[Dataset]:

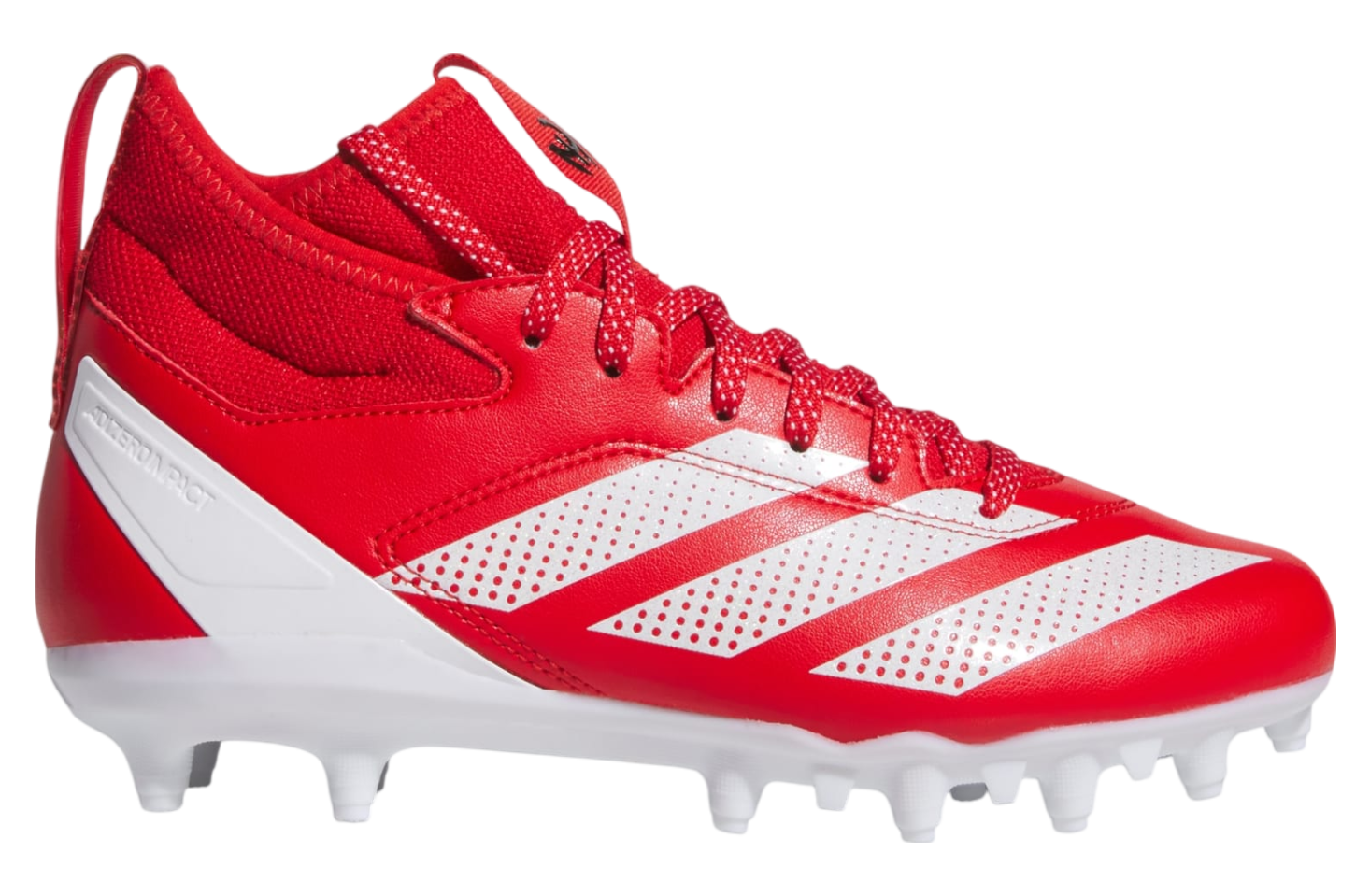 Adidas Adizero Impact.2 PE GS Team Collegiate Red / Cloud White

* * *

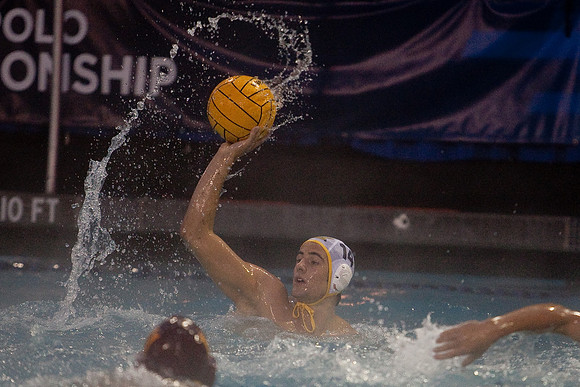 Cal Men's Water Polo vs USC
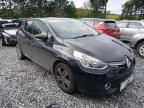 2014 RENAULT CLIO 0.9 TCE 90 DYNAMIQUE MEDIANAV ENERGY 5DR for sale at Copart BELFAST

---

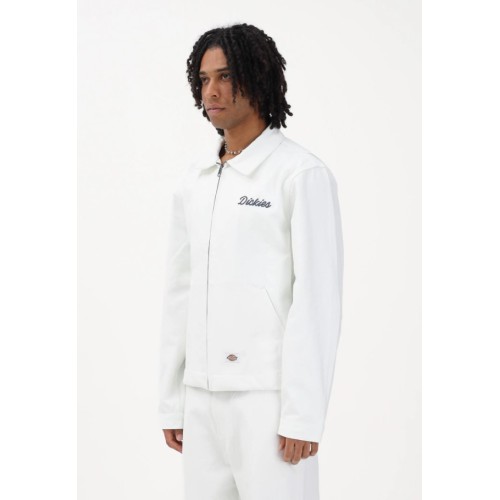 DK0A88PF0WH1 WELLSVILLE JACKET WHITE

[Problem]: Taking the entries above, copy word for word the lines from the one with "Cal Men's Water Polo vs USC" up to and including the one with "2014 RENAULT CLIO", without any picture.

[Solution]:
 Cal Men's Water Polo vs USC
 2014 RENAULT CLIO 0.9 TCE 90 DYNAMIQUE MEDIANAV ENERGY 5DR for sale at Copart BELFAST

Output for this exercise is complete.